Our inquiry here is all the more intense since we concur with Archdeacon Hare, and say: “Indeed it is only through the power of the Spirit that the power of the world has been overcome in any single soul. It is only through the working of the Spirit that anyone has ever been brought to the knowledge of Christ as his Saviour. As no one can come to the Father except through the Son, so no one can own in his heart that Jesus Christ is God, except through the conviction wrought in him by the Spirit of God, the Comforter.”

This prominence given to the Holy Spirit requires us to accord to him a place equally exalted in the interrelation, and where he is equally revealed. Are we not warranted to say, when the third person is introduced that we should express the analogy in every combination of the persons which is possible?

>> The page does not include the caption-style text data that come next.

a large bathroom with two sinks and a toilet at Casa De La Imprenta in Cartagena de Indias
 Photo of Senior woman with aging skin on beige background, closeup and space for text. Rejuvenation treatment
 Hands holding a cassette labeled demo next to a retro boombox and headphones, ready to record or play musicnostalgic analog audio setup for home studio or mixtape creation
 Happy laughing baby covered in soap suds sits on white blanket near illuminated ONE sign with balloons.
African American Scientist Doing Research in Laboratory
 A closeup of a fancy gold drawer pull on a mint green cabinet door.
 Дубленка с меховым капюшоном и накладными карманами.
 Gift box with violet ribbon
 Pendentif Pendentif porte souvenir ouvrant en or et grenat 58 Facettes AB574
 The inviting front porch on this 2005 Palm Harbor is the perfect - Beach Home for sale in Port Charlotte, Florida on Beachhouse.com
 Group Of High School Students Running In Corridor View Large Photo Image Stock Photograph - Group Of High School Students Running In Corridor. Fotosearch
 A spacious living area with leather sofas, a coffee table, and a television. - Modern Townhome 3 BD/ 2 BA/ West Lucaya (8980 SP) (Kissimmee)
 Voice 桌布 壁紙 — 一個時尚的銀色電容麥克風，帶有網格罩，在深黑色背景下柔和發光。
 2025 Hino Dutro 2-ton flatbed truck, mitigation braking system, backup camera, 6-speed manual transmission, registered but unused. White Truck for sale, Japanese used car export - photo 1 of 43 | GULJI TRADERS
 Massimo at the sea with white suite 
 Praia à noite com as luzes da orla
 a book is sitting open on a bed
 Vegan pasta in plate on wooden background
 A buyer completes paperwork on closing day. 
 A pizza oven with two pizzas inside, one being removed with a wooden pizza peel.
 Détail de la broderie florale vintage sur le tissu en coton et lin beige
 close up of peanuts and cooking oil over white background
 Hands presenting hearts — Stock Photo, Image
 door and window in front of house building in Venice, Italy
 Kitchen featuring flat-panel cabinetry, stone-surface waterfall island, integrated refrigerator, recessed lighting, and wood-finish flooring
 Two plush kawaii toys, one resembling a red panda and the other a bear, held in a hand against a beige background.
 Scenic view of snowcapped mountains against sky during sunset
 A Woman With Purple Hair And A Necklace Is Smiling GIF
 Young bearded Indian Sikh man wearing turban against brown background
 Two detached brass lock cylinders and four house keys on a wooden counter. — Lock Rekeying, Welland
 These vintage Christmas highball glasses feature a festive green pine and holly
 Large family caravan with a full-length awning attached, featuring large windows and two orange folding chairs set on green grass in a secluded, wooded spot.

This makes us bold to affirm: No persons know the Holy Spirit save the Father and the Son from whom he proceedeth. “It is expedient for you that I go away, for if I go not away the Comforter will not come unto you; but if I go I will send him unto you”; and him shall ye know by his fruit as he convicts you of sin, convinces you as to the righteousness you must have, and gives you the power of a discerning judgment. “Now the natural man receiveth not the things of the Spirit of God; for they are foolishness unto him, and he cannot know them for they are spiritually discerned. But he who is spiritual judgeth all things, and he, himself, is judged of no (natural) man.”

“I will pray to the Father and he shall give you another Comforter, that he may abide with you forever, even the spirit of truth, whom the world cannot receive because it beholdeth him not, neither knoweth him; ye know him for he abideth with you and shall be in you” John 14:17.

And now again, conversely, and to complete the triangle: No persons know the Holy Spirit save the Father and the Son and they to whomsoever the Father and the Son will to reveal him, be they the sacramental Host entire who will hereafter in glory cast their crowns in one glittering heap at those scarred feet that once trod for them the winefat alone.

If in our inspection of these scripture passages, we seem profanely to have entered the Holy of Holies, and there, with unwarranted familiarity, in the use of our human speech, spoken of the Persons of the Holy and Blessed Trinity, our only apology is that our Lord, in giving us these scriptures, seems to lead us in our inquiries: and we crave the opportunity, thus given to be numbered in loyalty among “those who follow the Lamb whithersoever he goeth.”